The State Department announced an arms embargo against South Sudan today in an effort to "stem the violence and to exert pressure on" both the South Sudanese government and rebels to abide by a ceasefire signed last December in the country's ongoing civil war, a State Department official told Axios.

Why it matters, per Reuters’ Lesley Wroughton, who exclusively reported on State’s move in advance of the announcement: “The unilateral move would signal that the Trump administration has lost patience with South Sudan’s warring sides after ceasefires have been repeatedly violated.”

The background: The conflict began in 2013 when troops linked with President Salva Kiir Mayardit fought against troops linked with then-Vice President Riek Machar. Diplomats have said ethnic and political tensions led to the clashes. It's worth reading The Washington Post's on-the-ground reporting from Juba in December 2013.

  • South Sudan and rebel groups signed the ceasefire on December 21, which would have revived a peace deal from 2015 that ultimately broke down after continued clashes. After signing the agreement, both sides claimed to be victims of attacks, per Relief Web.

Why an arms embargo could be key: U.N. experts have pointed out that while South Sudan has spent millions of dollars on weapons, the country’s economic situation has continued to crumble.

By the numbers:

  • Famine threatens to affect 1.5 million people in the country, per the U.N.
  • Nearly 2 million South Sudanese are internally displaced and over 2 million have fled to neighboring countries, according to the UNHCR.
  • At least 95 humanitarian workers have been killed since the start of the conflict, per State Department stats.
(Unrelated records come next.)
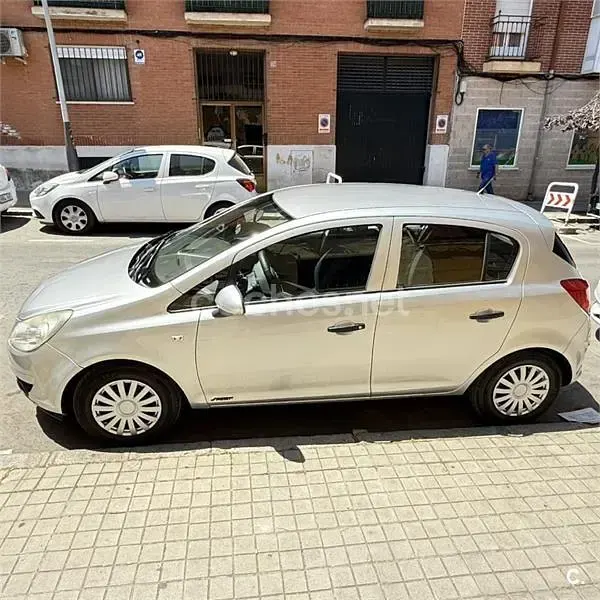 Usado Opel Corsa 80 CV (58 kW) 2009 Gris / plata Utilitario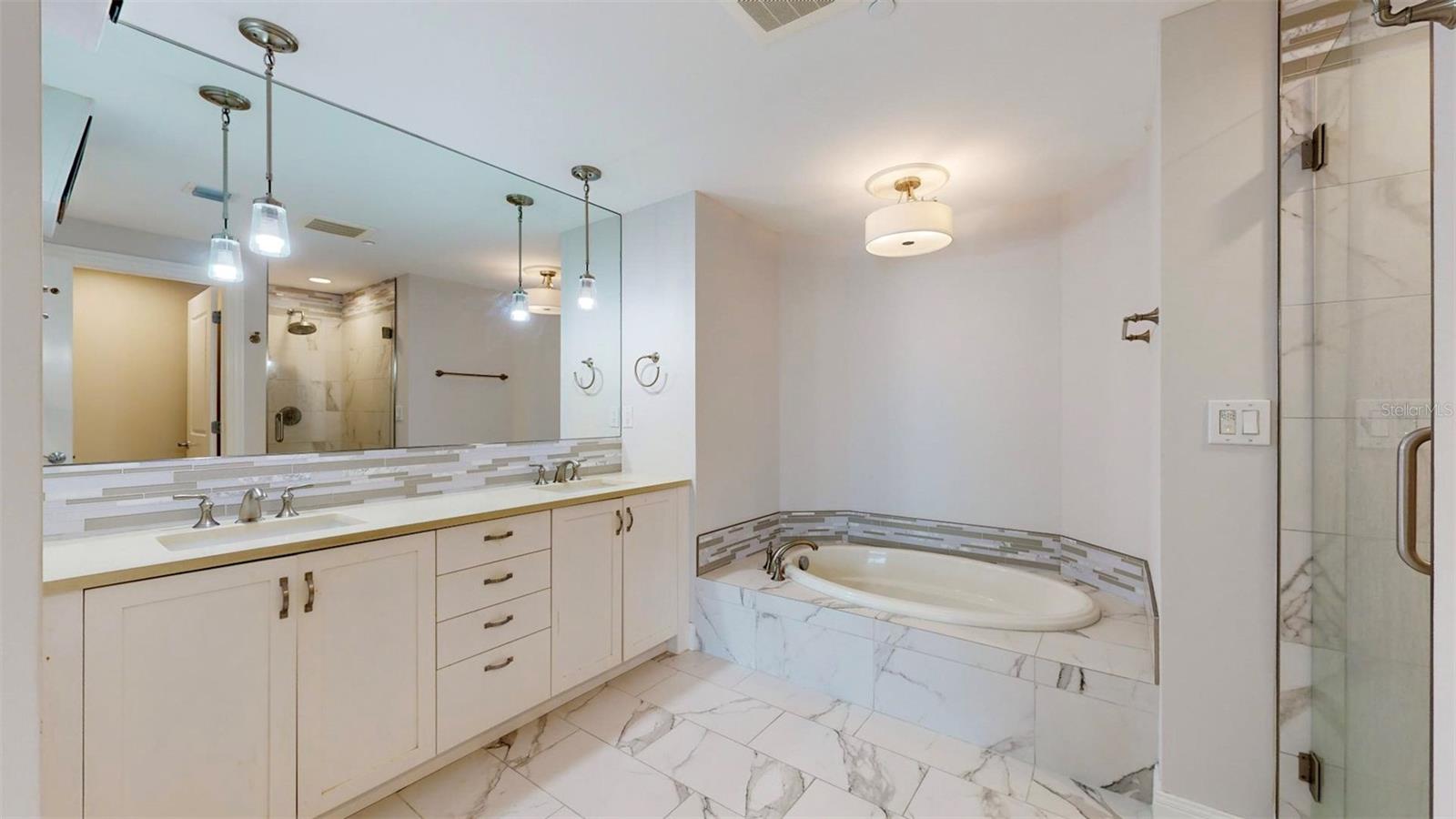 450 KNIGHTS RUN AVE #702, TAMPA, FL, 33602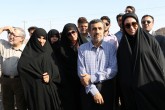 تصاویر/ حضور احمدی نژاد در جمع مردم بافق  <img src="/images/picture_icon.gif" width="16" height="13" border="0" align="top">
What's next: The U.S. has a three-pronged strategy: seeking a U.N. Security Council embargo on all arms flow to South Sudan, encouraging the African Union to consider issuing sanctions, and urging all countries to implement similar arms embargoes.

Where major players stand:

  • Russia is likely to resist moves against South Sudan in the U.N. Security Council, per Reuters.
  • The African Union announced Monday it would be open to sanctioning leaders who were violating ceasefires.
  • The U.S. has already sanctioned some top officials close to President Salva Kiir.
  • The U.N. Security Council has sanctioned leaders in South Sudan in 2015.
  • The E.U. began an arms embargo on South Sudan in 2011 when South Sudan gained independence from Sudan.